Some children, depending on age, may cooperate with their treatment under local anaesthetic. However, many young children are uncooperative despite attempts at distraction. It would appear that child restraint in the execution of minor procedures is commonplace in emergency departments in the United Kingdom. Parents also suffer if witnessing or participating in the restraint of their own child. The so called “minor” procedure results in psychological stress in the child, his parents, and care workers. The authors believe this is unnecessary and largely outdated.
If a child needs pharmacological sedation and anxiolysis then a general anaesthetic is often considered the gold standard in the hospital setting. However, in practice, it is not practical to provide this in a timely manner for all children. In most instances, the provision of an anaesthetic service for all children undergoing minor procedures places a heavy burden on theatre time, inpatient beds, and frequently results in unacceptable delays to treatment. In addition, general anaesthesia is not without risk.
It is therefore practical to provide some children with what is termed “procedural sedation”. The American College of Emergency Physicians defines this as a method to “induce a state that allows the patient to tolerate unpleasant procedures while maintaining cardiorespiratory function independently and continuously.” In our hospital, we use ketamine for procedural sedation.
Ketamine was first developed in 1962 and was used as a field anaesthetic by the United States (US) army in the Vietnam war. Its introduction as an intravenous anaesthetic in the hospital setting started in the 1970s. The early 1990s saw the first publications of its use in children by non-anaesthetists in emergency departments in the US. Its use now in the US is extensive and it remains popular in the developing world.1–4
Ketamine produces a combination of analgesia, amnesia, and sedation at subanaesthetic doses (<6 mg/kg intramuscular (IM)), with minimal effect on the airway and vital reflexes. Unwanted side effects include nausea, vomiting, hypersalivation, and agitation/hallucinations, the last of which is reported less commonly in children than in adults. Airway problems have been reported although these have been almost invariably transient.
The emergency department at the QEII Hospital has in place a system permitting procedural sedation in children. The purpose of this paper is twofold: to report on a prospective audit of paediatric sedation using ketamine and to highlight the advantages of and the resources needed for running such a service in UK hospitals.
A total of 89 children were involved in the audit over the period of a year. All cases were considered urgent but were not emergencies, and as such allowed for pre-planning and preparation for the procedure. The children were considered to require procedural sedation by a consultant, specialist registrar, or staff grade doctor and the sedation was carried out according to a strict protocol (available on the journal web site http://www.emjonline.com/supplemental).

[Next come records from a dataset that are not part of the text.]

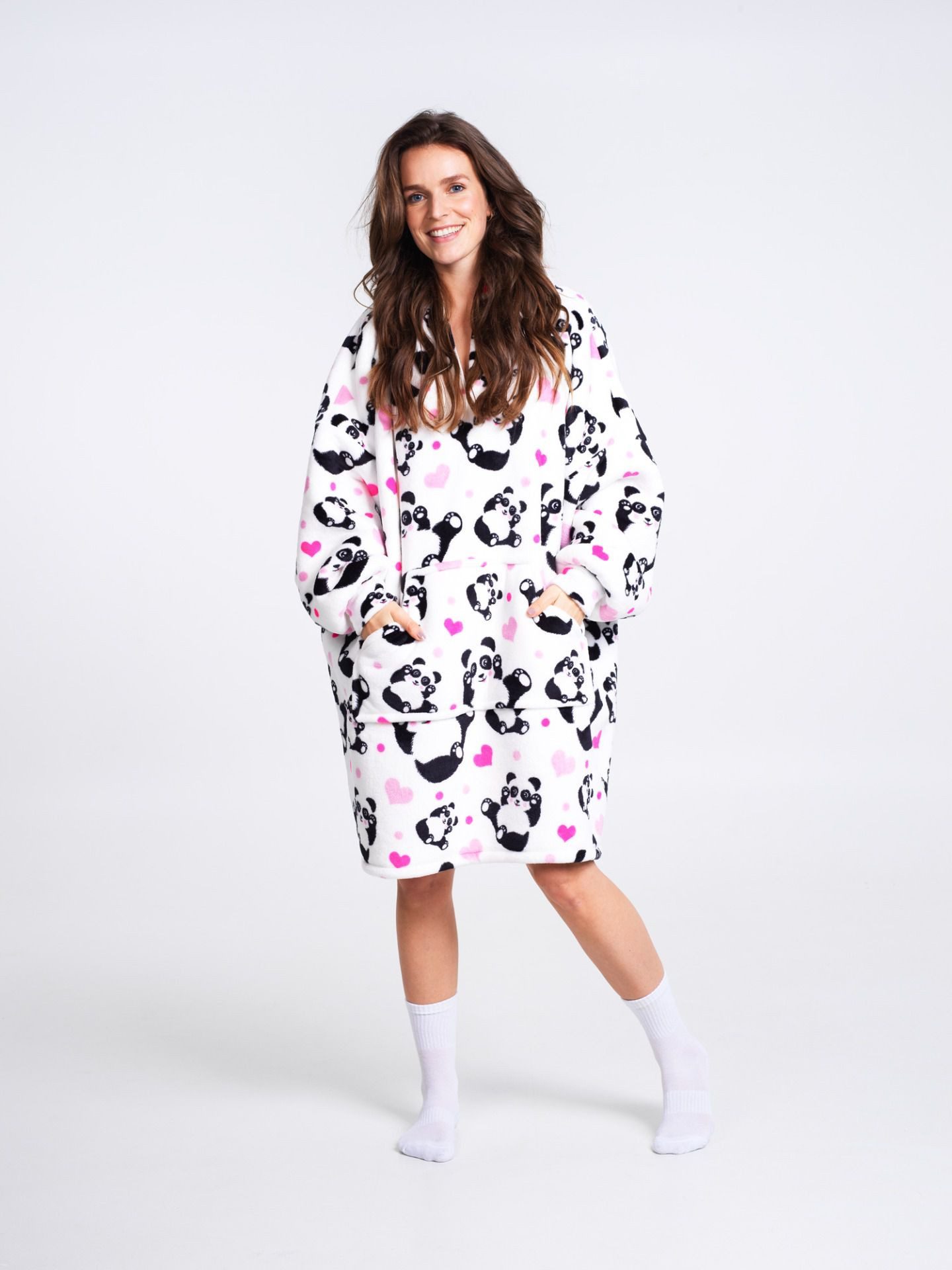 Hoodie Noxxiez Kapuzendecke XL Panda Design 100% Polyester extra groß XL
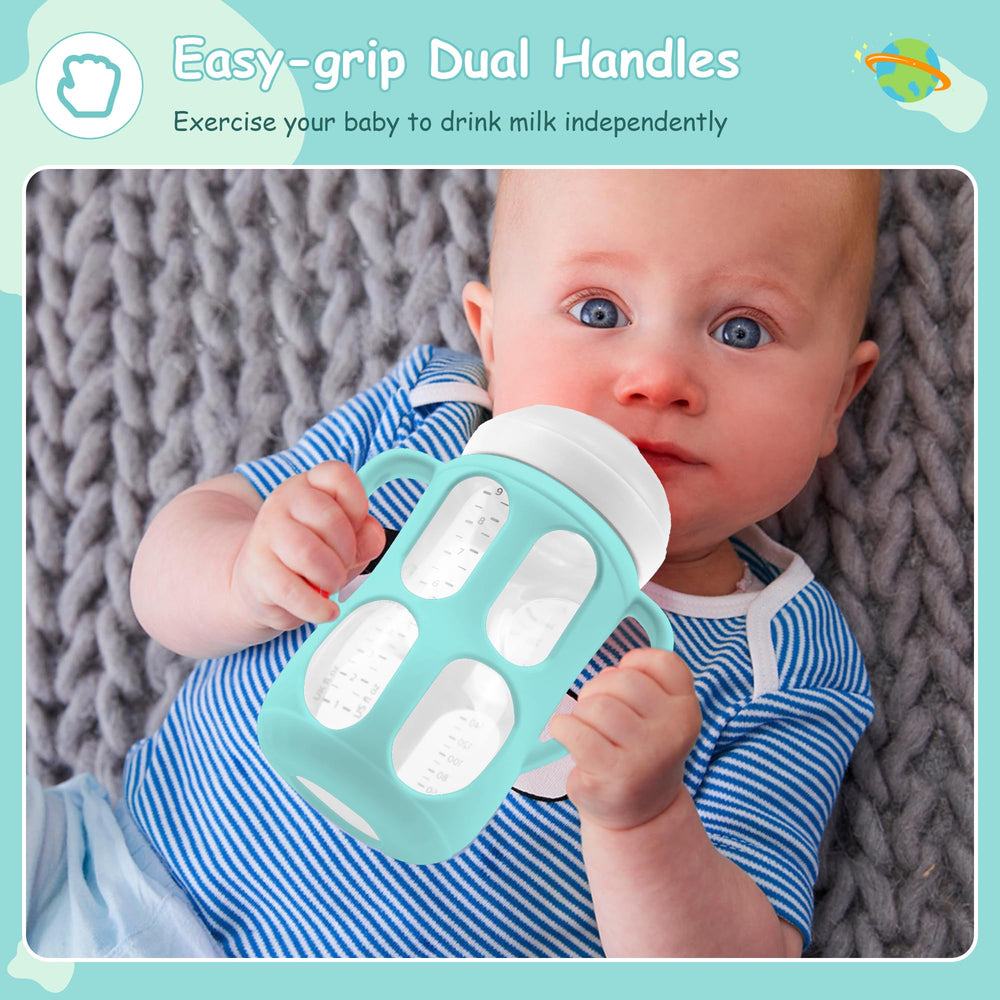 Panimosi baby bottle handle improves early self-feeding grip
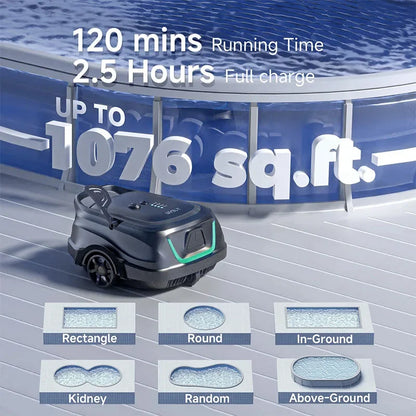 Swimming Pools Vacuum Cleaner Wireless for Floor Smart Cleaning Robot Auto-Parking Dual-Layer Filtration120Mins Running Time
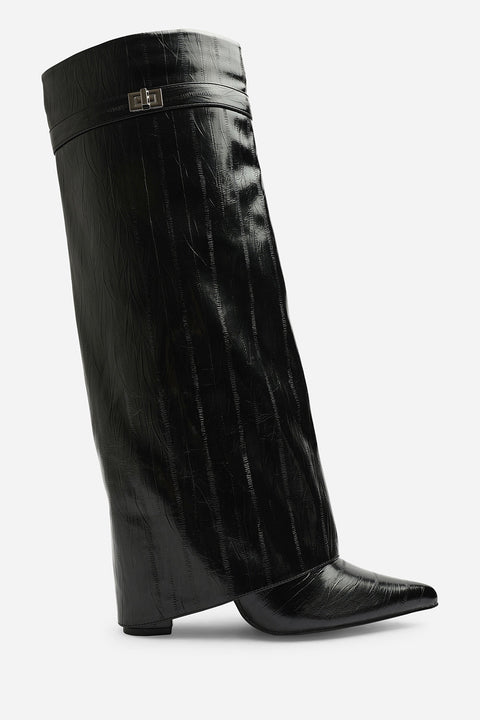 Keira Fold Over Shark Block Heel Pointed Toe Boots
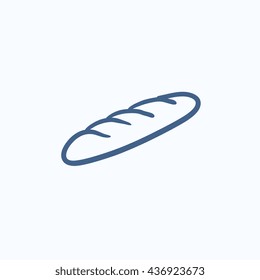 Baguette vector sketch icon isolated on background. Hand drawn Baguette icon. Baguette sketch icon for infographic, website or app.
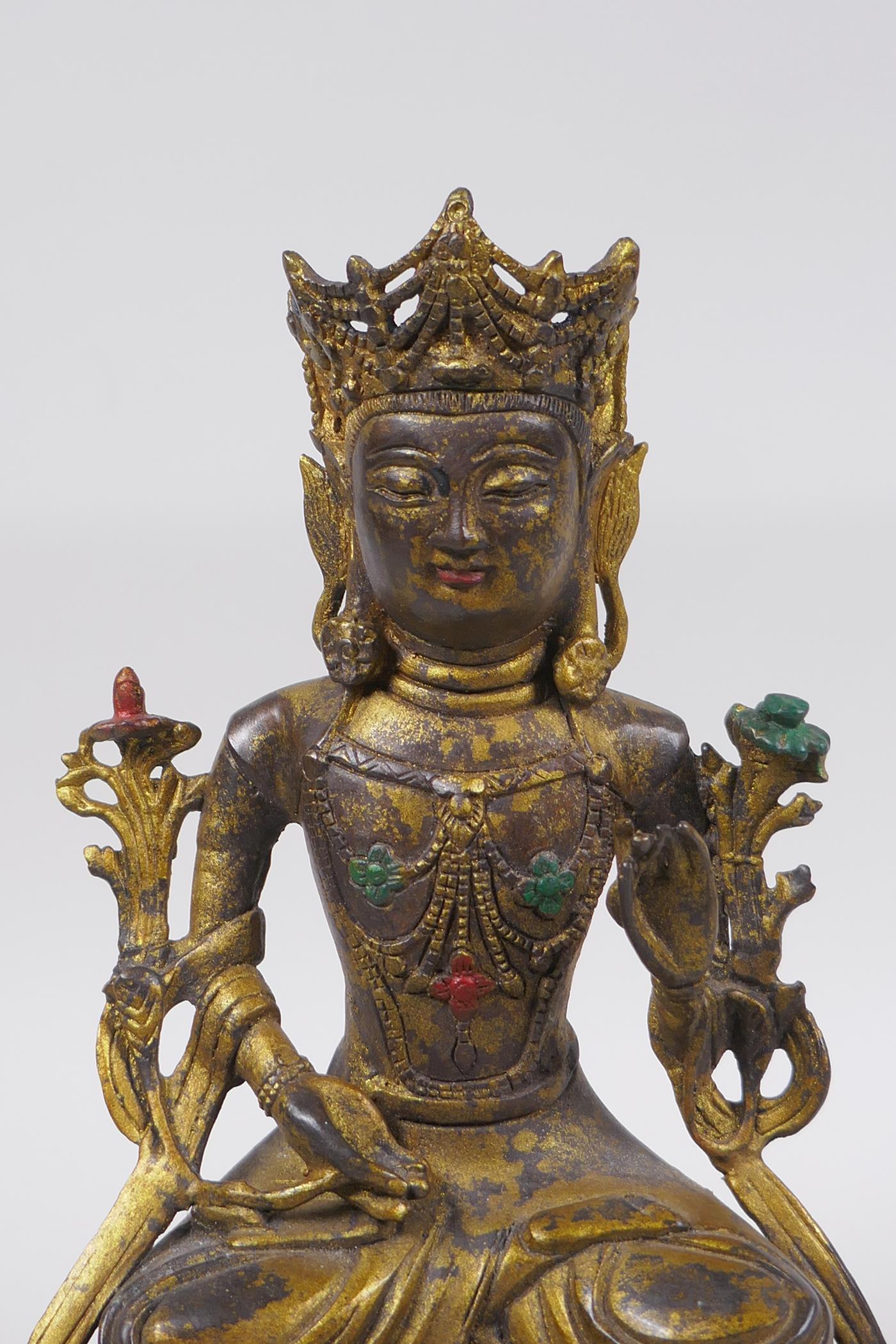A Chinese gilt bronze figure of Buddha seated in meditation, impressed 4 character mark verso, - Image 2 of 5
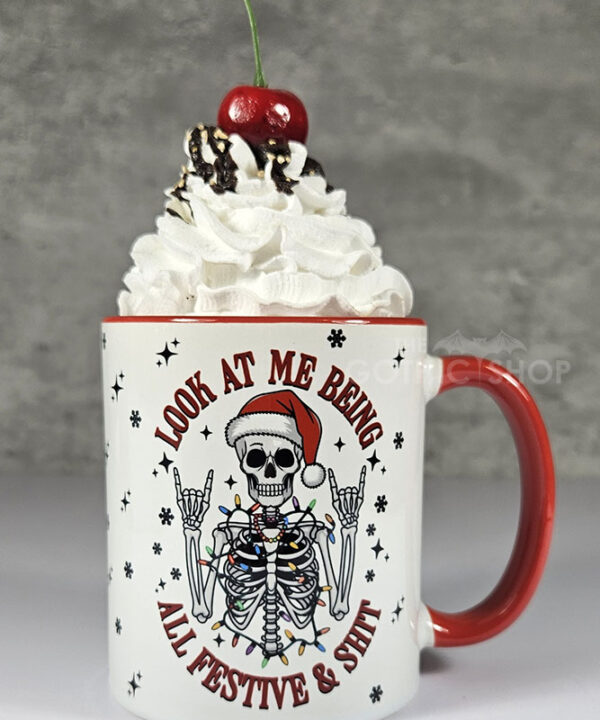 Skeleton Festive & Sh*t Christmas Gothic Mug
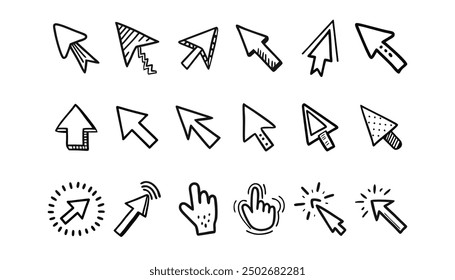 Conjunto de iconos de cursor. Conjunto de iconos de Hacer clic Doodle. Cursor del ratón dibujado a mano. Ilustración vectorial dibujada a mano. Aislado sobre fondo blanco.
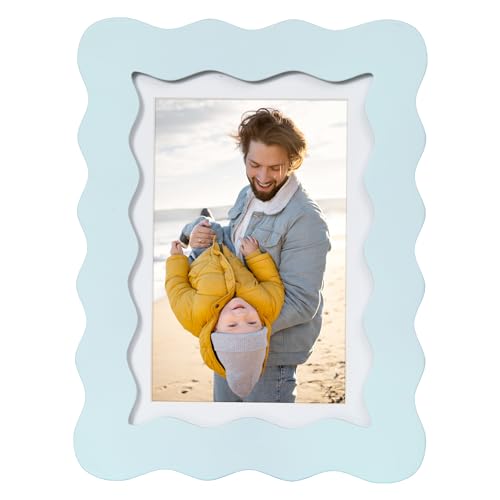 NWDCLF 5x7 Cute Picture Frame, Wavy Curved Photo Frame with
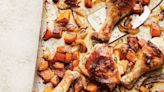 Roasted chicken meets sweet butternut squash for this sheet pan dinner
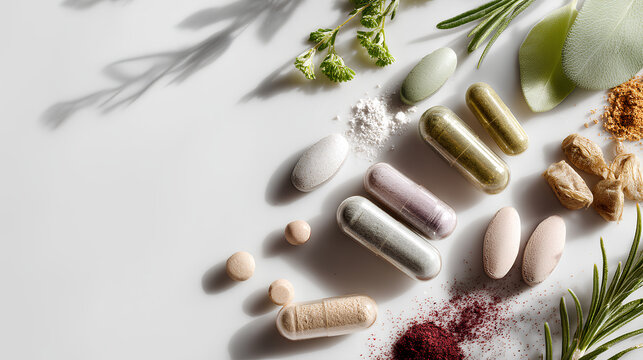 Biohacking supplements with vitamins minerals and herbs on clean white background showcasing life extension nutrition science and wellness optimization concept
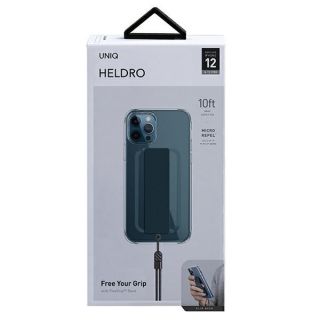 Uniq Heldro iPhone 12 / 12 Pro kemény hátlap tok + pánt + csuklópánt - átlátszó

This protocol was modified after a previous retrospective study in 1997/19985 and is based on the protocol used at the Loma Linda University, USA.1 Doctors completed a checklist/data recording form for each child recording all aspects of the procedure including timings, adequacy of sedation, and complications. The continuous presence of an advanced paediatric life support (APLS) trained person was mandatory.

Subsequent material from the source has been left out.